Législation floue, contrôle inexistant… l’usage de la reconnaissance faciale s’est répandu silencieusement
Nous l’expliquions dans notre précédent article : le gouvernement met les moyens pour faire de la propagande pro-police dans les médias. Parmi les sujets de prédilection abordés par les journalistes complices du pouvoir, on trouve «la police n’a pas assez de moyens» et «la justice est trop laxiste». En d’autres termes, il serait trop difficile pour la police de trouver les preuves de la culpabilité des personnes interpellées. Et, même quand la police est absolument certaine de son coup, la justice, trop gentille, relaxerait en permanence les délinquants. En se baladant un peu sur certains sites comme Bastamag, StreetPress, Nantes Révoltée, Cerveaux Non Disponibles, Désarmons-les… on se rend vite compte que cet argument de policiers chouineurs ne tient pas une seule seconde.
Cela n’empêche pas Darmanin d’aller rendre visite au syndicat policier d’extrême droite Alliance lors de son congrès annuel pour «recueillir ses doléances». De concert avec ces pauvres petits agents de police soit-disant privés de tout moyen, le sinistre de l’intérieur affirme que sa police est trop bridée et qu’il est trop complexe d’obtenir des preuves.
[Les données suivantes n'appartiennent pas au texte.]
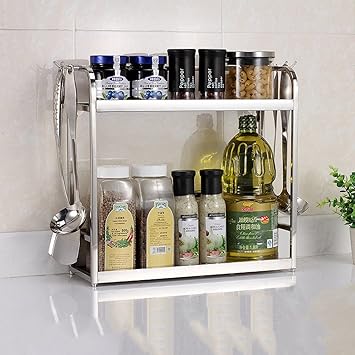 Double Layer Stainless Steel Kitchen Racks Seasoning Rack Storage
Et d’expliquer allègrement qu’il n’y a pas assez de caméras, ni de «moyens». Il prépare ainsi le terrain pour la mise en place de tout un tas de dispositifs de surveillance, et notamment celui de la reconnaissance faciale.
Une enquête de StreetPress révèle que la police utilise en fait déjà la reconnaissance faciale, de façon extra-légale. Explications :
Un décret de 2012 autorise bel et bien l’usage de logiciel de reconnaissance faciale pour l’utilisation du fichier TAJ (pour Traitement d’Antécédents Judiciaires). Ce fichier rassemble les personnes mises en cause (condamnées ou seulement suspectes) dans des affaires pénales ainsi que les victimes d’infraction. 19 millions de personnes sont recensées dans ce fichier. Utiliser la reconnaissance faciale est extrêmement simple : dans le TAJ figure une option pour identifier quelqu’un avec une photo. L’agent de police n’a qu’à télécharger dans l’application la photo de la personne qu’il souhaite identifier, et le TAJ lui indique à quelle identité elle correspond. En principe, la technique ne peut être utilisée qu’en cas de constatation d’infraction, de verbalisation ou de placement en garde-à-vue, mais PAS en cas de contrôle d’identité.
Par ailleurs, la loi Informatique et Libertés de 2018 précise que le recours aux données biométriques ne peut avoir lieu qu’en «cas de nécessité absolue».
En fait, la législation est trop peu précise sur la question, ce qui permet aux agents d’y avoir recours sans complexe. En effet, la reconnaissance faciale peut être utilisée en cas de constatation d’infraction, de n’importe quelle infraction. Par exemple, pour une non dispersion après sommation, pour un simple outrage, pour un attroupement…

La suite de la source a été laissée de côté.